PARIS — The Organisation for Economic Cooperation and Development has slashed its global growth outlook in its June 2024 Economic Outlook, citing disruptions from conflict affecting the Strait of Hormuz. Global growth is now expected to slow from 3.4% in 2025 to 2.8% in 2026, before recovering to 3.1% in 2027, assuming a time-limited disruption scenario in which a peace agreement is reached and disruptions to the Strait of Hormuz are swiftly resolved.
In a worse-case scenario, in which disruptions to shipping and energy infrastructure continue well into 2027, global growth would fall sharply to just 2.1% in 2026 and 1.8% in 2027. Some economies could be tipped into, or close to, recession under this prolonged disruption scenario. In that scenario, global inflation is expected to rise by 0.4 percentage points in 2026 and 1.3 percentage points in 2027.
Stefano Scarpetta, the OECD's chief economist, warned that “the longer the disruptions last, the larger the economic and social costs become.” He added that a durable settlement to the current conflict would not only bring relief to the region but also “lay the groundwork for a resolution to the disruptions it has caused to the global economy.”
The OECD's study explores how the Strait of Hormuz shutdown, coupled with energy infrastructure damage throughout the Gulf, has sent energy prices soaring and pushed up the costs of fertilizers and other key industrial inputs.

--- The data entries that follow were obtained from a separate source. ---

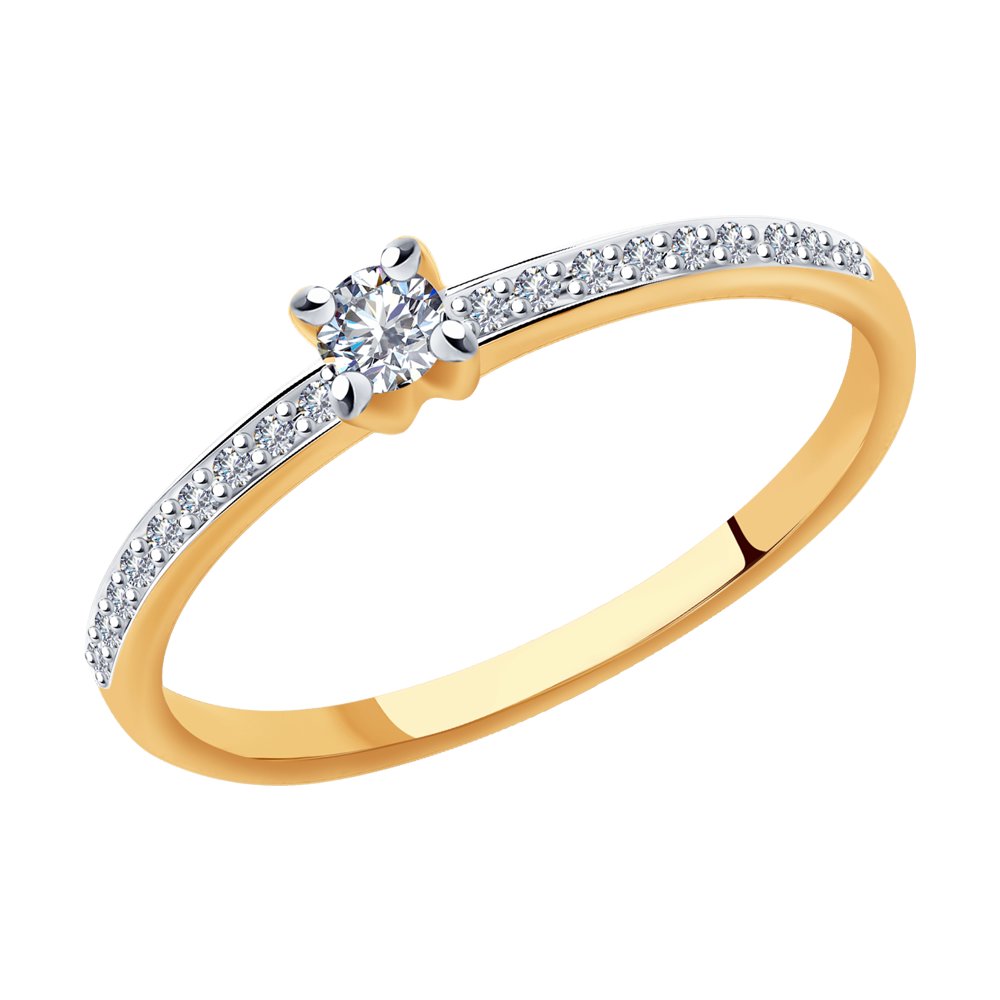 

Кольцо из золота р.  SOKOLOV Diamonds 1011914, бриллиант, 1011914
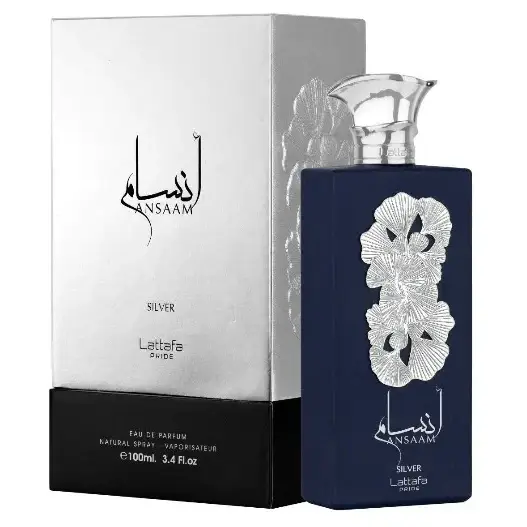 Lattafa Pride Ansaam Silver Eau Sensation of Cardamom and Lavender Unisex Fragrance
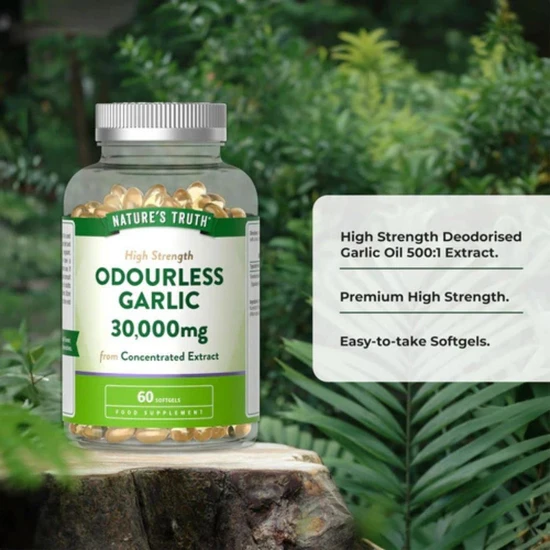 Nature's Truth Odourless Garlic 30000mg Capsules 60 Capsules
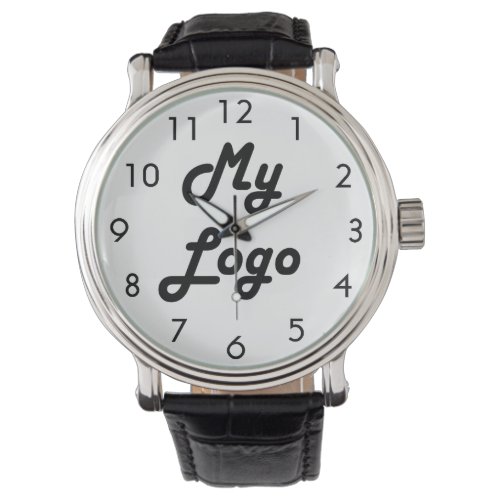 Logo business corporate black white watch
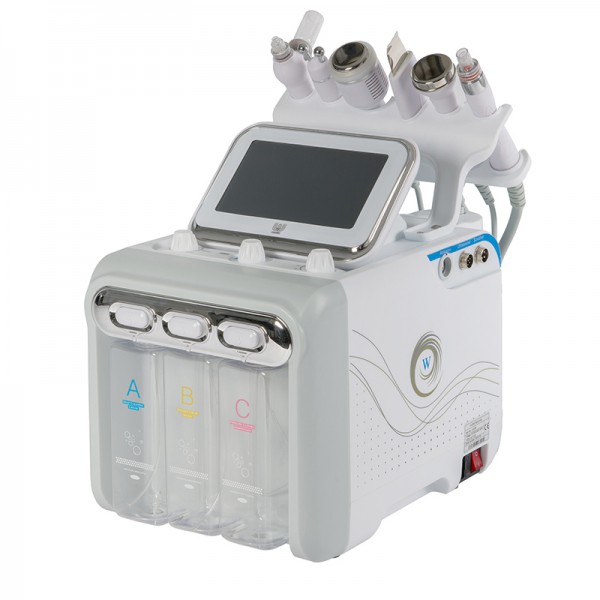 HighTech Combi Hydro : Radiofréquence, Ultrasons, peeling ultrasonique, hydrodermabrasion, marteau à froid et spray pour l'équipement de beauté le plus polyvalent du marché HighTech Combi Hydro : Radiofréquence, Ultrasons, peeling ultrasonique, hydrodermabrasion, marteau à froid et spray pour l'équipement de beauté le plus polyvalent du marché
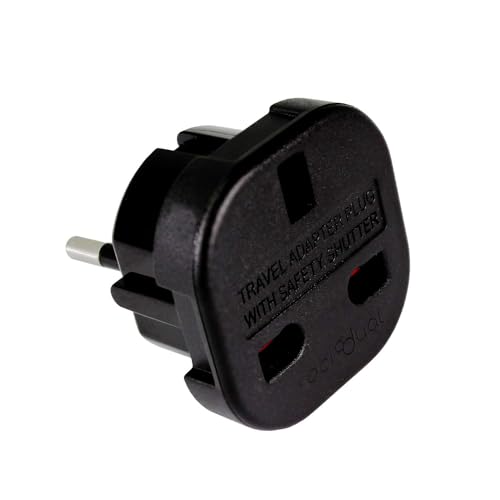 Adaptador de Viagem OcioDual YD-9625 (Reino Unido - 2500 W) Gamefox - Inversores de energia - tomada EU, interior, 13A, 221V, 3221W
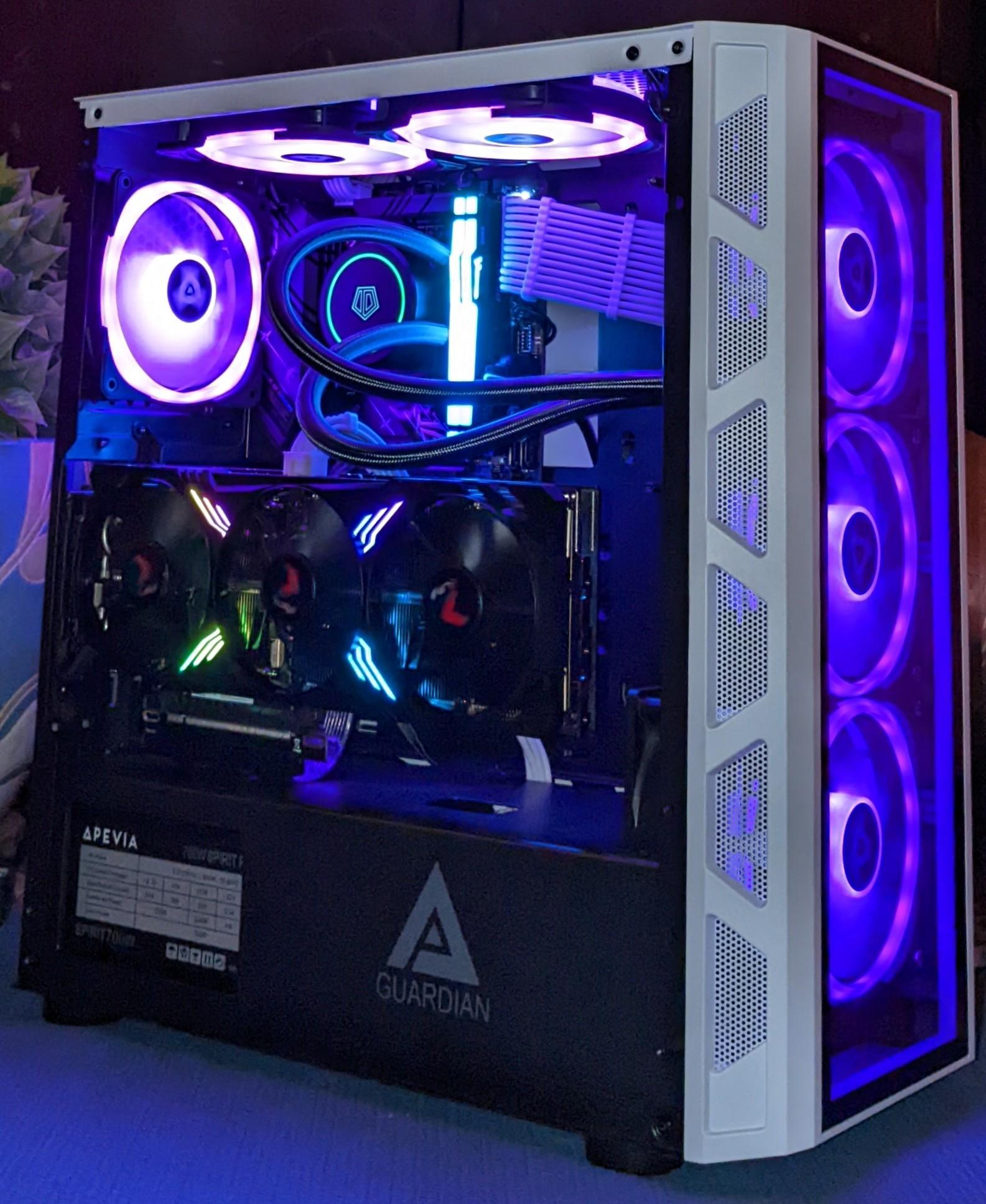 ⚪️Pro Gaming PC| RTX 4070 12GB| 12th Gen I5| 16GB DDR5 RAM@5600MHz| 3TB NVMe/SSD| Windows 11 Pro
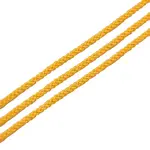 Eco-Friendly Dyed Round Nylon Cotton Braided Cords Threads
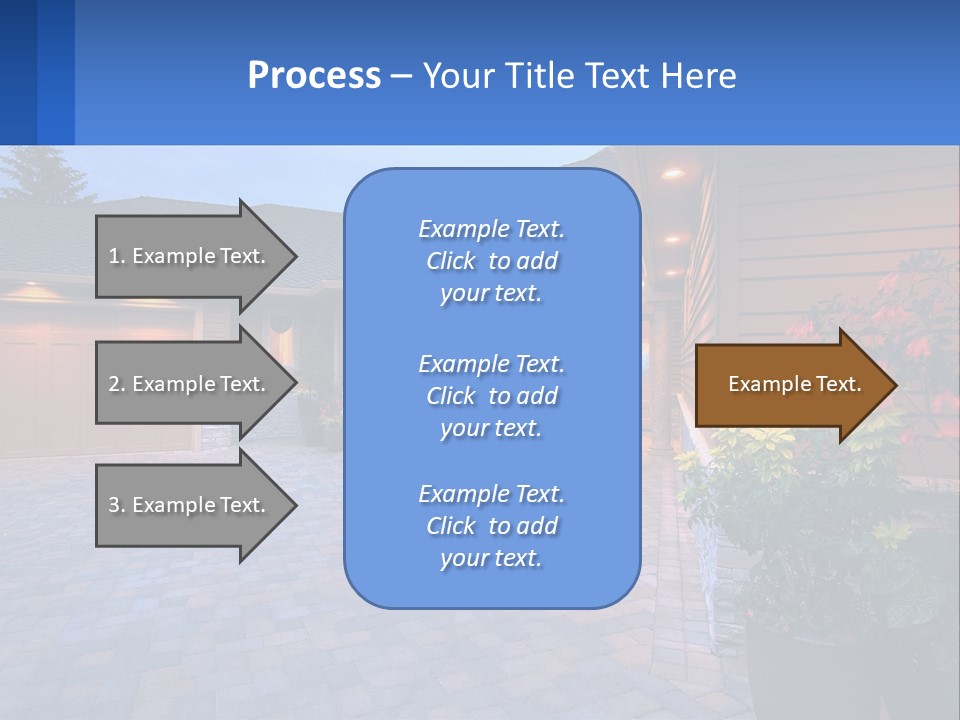 Driveway Home Estate PowerPoint Template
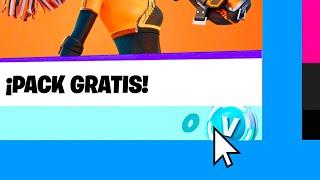 ¡FORTNITE PACK de 0 PAVOS GRATIS para TODOS  Skin GRATIS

Scarpetta said, “Unemployment would rise and investment — including in energy-intensive AI — would weaken significantly, with increasing risks of financial market repricing with upside pressures from elevated commodity prices partially offset by weaker final demand.”
The downward trajectory will further complicate the challenge for global central banks already grappling with weaker growth and inflationary pressures. The crisis highlights the vulnerability of global economies to one single chokepoint and underlines the need to strengthen the resilience of supply chains and diversify energy supply. According to the OECD report, “In the near-term, emergency demand-restraint measures and international coordination of strategic energy stocks can help mitigate some of the effects of the supply crunch, but the need to invest more to wean us off the dependency on fossil fuel imports is more urgent than ever.”